= Anthony Shetler =

American skateboarder (born 1982)

Anthony Joseph Shetler (born November 15, 1982) is a professional skateboarder who, as of July 2019, is pro for World Industries and is the owner of All I Need Skateboards.
==Early life==
Shetler was born in Brockton, Massachusetts, to Lisa Marie Oliver and Elwood Reginald Shetler. He started skateboarding in Raymond, New Hampshire with his friend Dale Raymond. He then moved back to Massachusetts, where he would develop a deep relationship with the skateshop Solstice, who helped him get his first sponsorship with 5boro Skateboards.

==Coverage==
Shetler has appeared in numerous skateboard magazines, including Focus, Skateboarder, Transworld Skateboarding, Thrasher, and others. He now owns a skateboard apparel company, All I Need. He partnered up with 88 Eyewear in fall of 2013 to make a limited edition line of sunglasses.

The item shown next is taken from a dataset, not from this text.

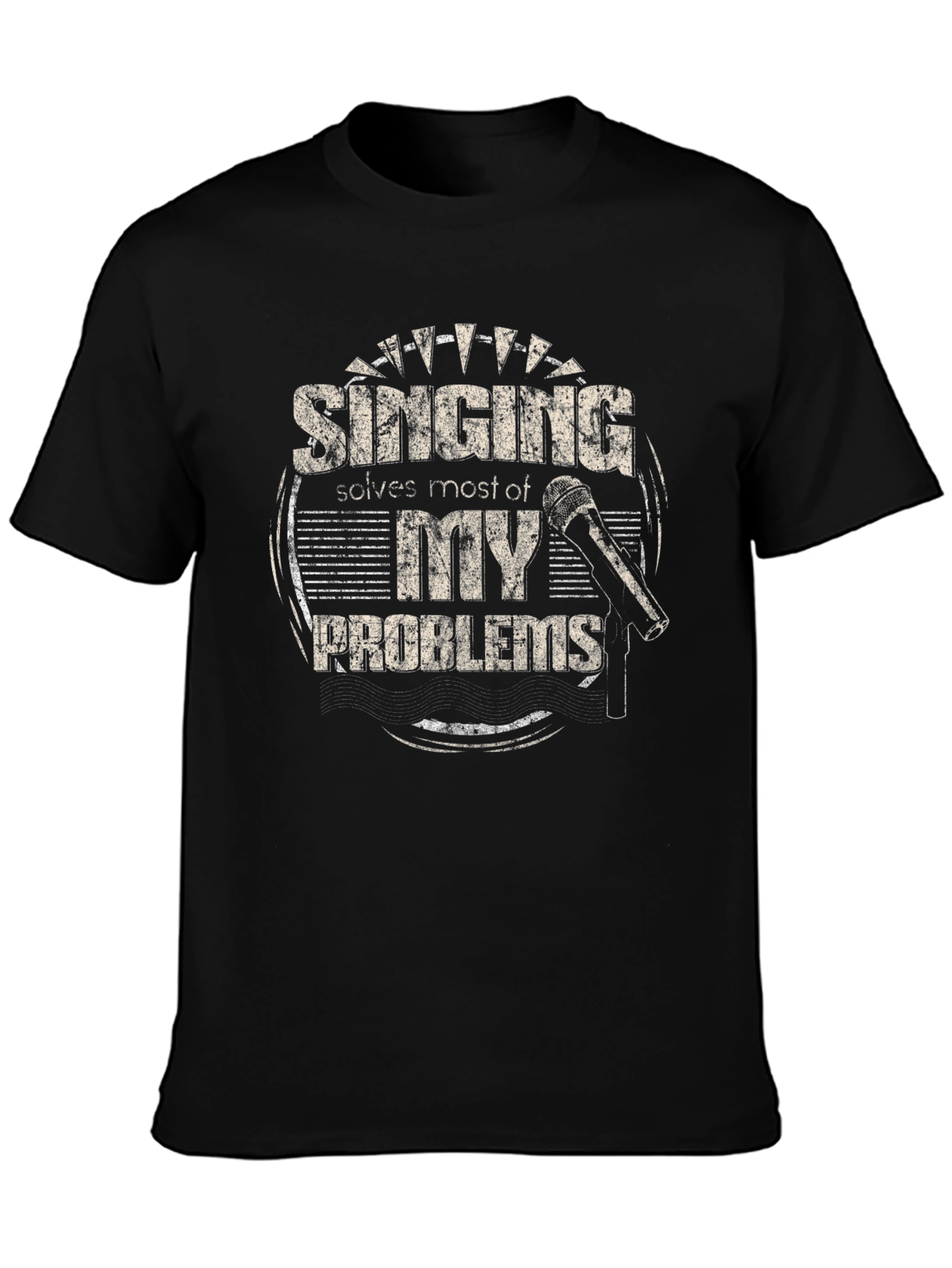 Singing Solves My Problems T-Shirt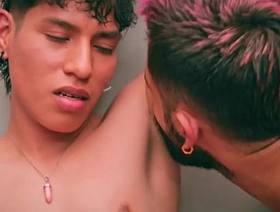 Bareback Anal ATM Big Dick Latino Diego Erazo Fucking Camilo Brown And Filling His Mouth With Cum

A wide variety of online magazines, stores, skateshops, and skate companies host interviews and photos of Shetler:
Alli Sports,
Skatepark of Tampa,
SkateboardREV, and
True Skateboard Magazine, and
ESPN.

An interview with Shetler aired on the action sports channel FuelTV.

==Sponsors (2011)==
- FKD Bearings Pro Team
- World Industries
- Solstice Skateshop
- Thunder Trucks is the oldest company in the Deluxe roster, dating back to 1986, before Deluxe was in existence.
- Spitfire is a wheel company founded in 1987.
- Project Hardware
- All I Need Apparel[

==Video parts==
- EZ Pass Vacation (2002)
- Surviving the Times (2008)
- All I Need (2008)
- State of Mind (2009)
- It's Your World (2011)

==Video game appearances==
Shetler is mentioned in the video game Tony Hawk's Project 8.